Suwannee has a number of structural advantages. It’s the southernmost sawmill in the United States and it’s the mill that is closest to large metropolitan areas like Orlando and Tampa. There’s a lot of timber land though that’s south of the company. So Suwannee will have a structural advantage harvesting that timber. Then in additional to sell lumber into those large metropolitan markets. Suwannee also has a freight advantage.
Robert McKagen, Caddo River Forest Products:
The did face some environmental issues and they faced where they needed to modernize the mill, upgrade the mill for the future. That’s where Blue Wolf came involved. It’s been a great story. I mean, 2005, they were running about 80 million feet and just holding on. And last year, we ran 143 million feet with pretty much the same equipment.
Ranson: When we dug into the environmental issues, we felt that they were containable, they were addressable. We were able to develop a multi-step plan for how we would both contain the liability from an investment point of view, but also, undertake a remediation plan, that would finally resolve it.
McKagen: Blue Wolf put a plan in place that everybody agrees on, worked with the state officials and come up with a plan that everybody can live with and just check the boxes as you’re going along and that’s what we’ve done over the last four years.
Ranson: Whenever it would rain, the contamination that was in the ground would further leach into this creek and leave the property and further contaminate the area around the mill.

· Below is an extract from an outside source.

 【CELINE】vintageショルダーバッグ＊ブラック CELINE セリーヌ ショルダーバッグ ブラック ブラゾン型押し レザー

At least that was the fear. It was cutting right through the facility and moved it to the perimeter. We had to work with the Department of Highways, the Florida Department of Environmental Protection, Dixie County, multiple governmental agencies.

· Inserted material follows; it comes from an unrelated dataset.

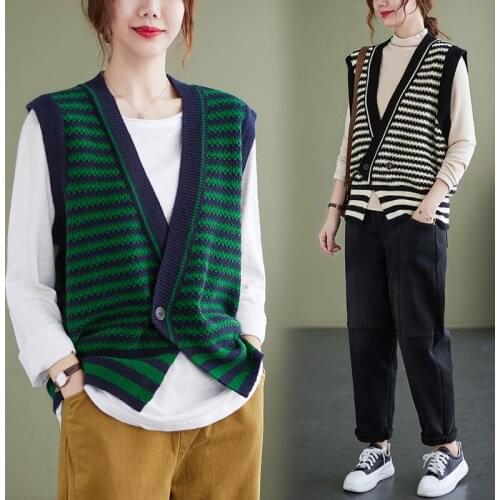 Women New Color Patch Striped Knitted Waistcoat Loose Vintage Regular-Fit Button Green Outwear Elegant Casual Sleeveless Vest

Where other people see problems, we see opportunities. We could harvest the clean areas of that pile and turn that into soils that would feed the ground cover part of the business and we’re quite proud of having turned that liability into an asset.
One of the first places that we invested was in the finance team. We hired a CFO. We also deployed a new ERP system. We developed a timber management business that procures wood not only for the sawmill but also for the mulch and ground cover division. But also for third parties, so we transformed what had been an internal function, into a profit center. In the latter part of 2017, we embarked on what we call the modernization project.
McKagen: We ran 143 million feet last year. We’ve squeezed that orange as much you can. And we went in this past year and invested 14 to 17 million dollars in a modernization project, where three major machines centers were replaced in the sawmill, where we peeled off the roof, took out the old equipment, reinvested in new equipment.
Ranson: The next owner will have a great degree of comfort stepping into our shoes, knowing that whatever problems there were in the past had been well documented, had been remediated and they can just own a clean and healthy sawmill.